Mentre gli Hyksos percorrono le patrie terre (dimentichi che esistono anche le patria galere, dove comunque, malgrado il sovraffollamento, un posticino si può sempre scovare), distruggendo, in nome del Mercato, del Profitto, e della Grande Riforma di liciogelliana memoria, si escogitano mezzi affinché non si disturbi il Grande Manovratore, sempre più nervoso e preoccupato (malgrado le cifre mussoliniane del “consenso” dichiarate). La prova è che la costruzione del consenso, sempre più di frequente si abbina alla repressione del dissenso, anche quello lieve che può essere rappresentato dalla Terza Rete della Rai. Mettere il “nemico” nell'impossibilità di parlare, o alla peggio, lasciarlo parlare, ma solo quando lo decide il Capo, negli interstizi, a bassa voce, in modo che nessuno gli possa dar retta. E in ogni modo c'è poi immediatamente un Belpietro, un Feltri, un Rossella, che provvede ad aggredirlo, con un combinato disposto di calunnie e mezze verità (dunque, mezze menzogne) e, soprattutto, ingiurie, contumelie, volgarità.

Sicché, in attesa di poter decretare funerali di Stato per Bruno Vespa – Dio ci conservi, naturalmente, il più a lungo possibile il titolare della Terza Camera! – mentre si vocifera di fermare trasmissioni tv come l'eccellente “Report”, o “AnnoZero”, si arriva al punto di impedire la prudentissima “Ballarò”, ma non allineata – e tanto basta – per consentire al mellifluo Vespa (disgusting, direbbero gli inglesi) di officiare in diretta il rito della consegna delle “prime case” ai terremotati d'Abruzzo. Siamo alle “opere e ai giorni del Regime”: come si chiamava una serie del Ventennio, a cui, diciamolo tranquillamente, sia pure con lo stomaco in subbuglio, questo quindicennio berlusconiano sta dando dei punti. Del resto, non si è autodefinito, il Cavaliere, il “miglior presidente del Consiglio” degli ultimi 150 anni?

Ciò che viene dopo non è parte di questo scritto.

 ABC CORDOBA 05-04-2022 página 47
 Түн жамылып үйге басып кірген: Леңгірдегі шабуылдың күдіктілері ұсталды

Lasciamogli questa convinzione. In attesa che uno tsunami spazzi via lui, i suoi giannizzeri, i suoi adoratori e le sue ammiratrici: o per dirla altrimenti, la sua corte di lacché e puttane.

PS: Lo tsunami dobbiamo prepararlo noi, non possiamo attenderlo dal cielo, che, a quanto pare, non è più con noi. Ammesso ci sia mai stato.